XXVIII.
“THE WHITE HOUSE.”
The corner-stone of the Presidents’ House was laid on the 13th of October, 1792, and the building was constructed after the designs and under the directions of Captain James Hobon, Architect. After its destruction by the British, in 1814, the interior was rebuilt by Captain Hobon. It is located at the intersection of Pennsylvania, New York, Connecticut, and Vermont Avenues, which radiate from this point as centre.
The house is constructed of Virginia free-stone, which is excessively porous, and consequently would cause great dampness in the interior, were it not for a thick coat of white lead, which is applied about once in ten years at an enormous expense. The rock used in the construction of the foundation was quarried by Captain Samuel Smallwood (afterward mayor of Washington), on the banks of Rock creek, from the lower or K-street bridge, as far as Lyonshouse wharf. The grounds were formerly enclosed with a high stone wall. The old sycamore trees which stand in the sidewalk on Pennsylvania Avenue, in front of the mansion, occupy a line running parallel with the former site of that wall. The portico on the north front was added to the building during the administration of President Jackson.

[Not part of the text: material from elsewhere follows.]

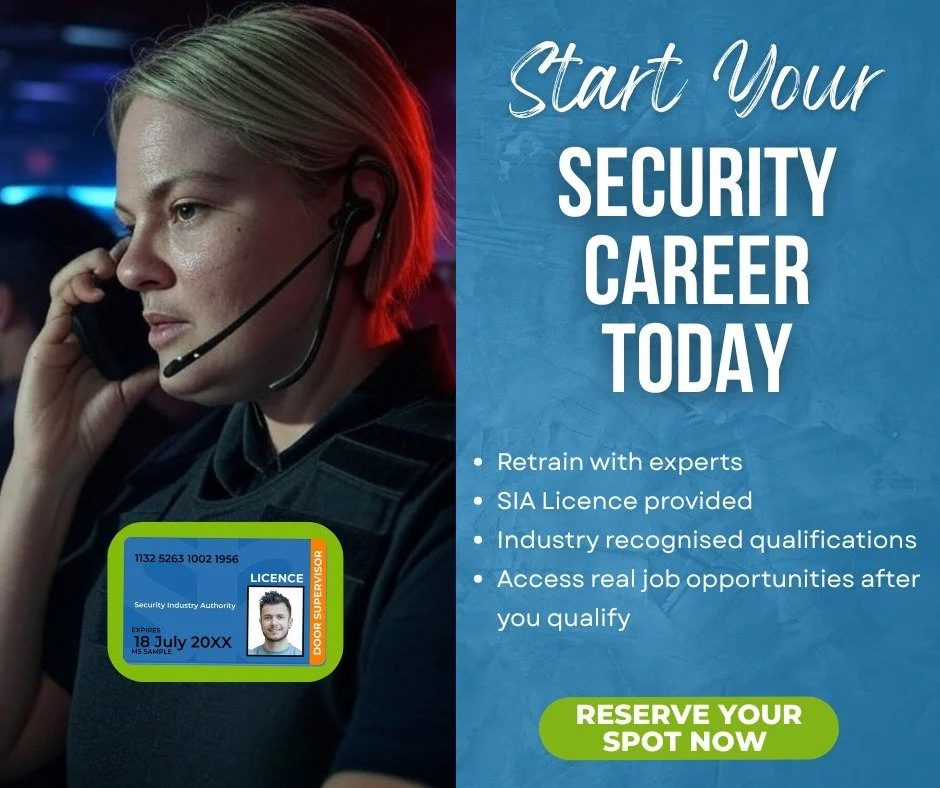 Start your security career with the right training and licence support.

Our funded Security course helps you retrain or enter the sector with industry recognised qualifications and your SIA licence included. You will gain the knowledge and practical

The latitude to the nearest second, 38° 53′ 12″, north. Longitude of the Presidents’ House from the Paris observatory, 79° 17′ 16″, west.
In 1793, about eighty paces west of the brick arch on Pennsylvania Avenue, a log was thrown over the Tiber, which served as a bridge over which the procession passed, headed by General George Washington. Here the boys caught herring and other fish. The waters of the Tiber occasionally extended in places over the present Pennsylvania Avenue, the road to the Presidents’ House being considerably north of it, and along which a traveller in that day might pass from the Capitol square to the former without seeing a human being. The house of David Burns, which stood in the grounds south of the Presidents’ House, is now owned by his descendants, and is an object of interest to all who remember Washington’s notion of him as the “obstinate” Mr. Burns.
In 1796, as President Washington passed the Presidents’ House (then building), a salute of sixteen guns was fired by the artillery company stationed at that point.
The Presidents’ House is situated in the western part of the city, on a plot of ground of twenty acres; forty-four feet above high-water mark. It has a southern and a northern front; the southern sloping towards the Potomac and commanding a view of it. A semi-circular balcony extends out from the Parlors on this side and overlooks the private garden near by, and the public grounds beyond. The high basement gives the house a third story on this side. On both fronts the grounds are laid out with taste and planted with forest trees and shrubbery. The walks are of gravel, broad and delightful.
The mansion is two stories and very lofty, one hundred and seventy feet front, and eighty-six feet deep. The northern front is ornamented with a lofty portico of four Ionic columns in front and three on either side. Beneath this portico drive the carriages of visitors; immediately opposite the front door, across the open vestibule or hall, is the Reception Room. The East Room is eighty feet long, forty feet wide, and twenty-two high. There are four mantels of marble with Italian black, and gold fronts, and very handsome grates; each mantel is surmounted with a French mirror, the plates of which measures one hundred and fifty-eight inches, framed in splendid style. Four other large mirrors, two at each end of the room, reflect the rays from three large chandeliers, from which depend glass pendants, which glitter in the light like diamonds; each chandelier has twenty-seven burners.
In front of the Presidents’ House, in a small enclosure, is the bronze statue of Jefferson, presented to the government by Captain Levy, of the United States army, who was, at that time (1840) owner of Monticello. The statue stands on a pedestal: in his left hand Jefferson holds a scroll of the Declaration of Independence, and in his right hand a pen, as though he had just finished that immortal instrument, and was anticipating the glorious results of its influence; the terror it would strike among the foes of freedom; the strength with which it would nerve the patriot’s heart; the bitter opposition which it would meet with from some; the joy with which it would be hailed by more; and, if adopted, the high destinies which awaited Young America.
It now occupies an eligible position, and will long stand in honor alike of the great man it so faithfully represents, and of the noble spirit of patriotism that secured and presented it to the nation. It formerly stood in the Rotunda of the Capitol.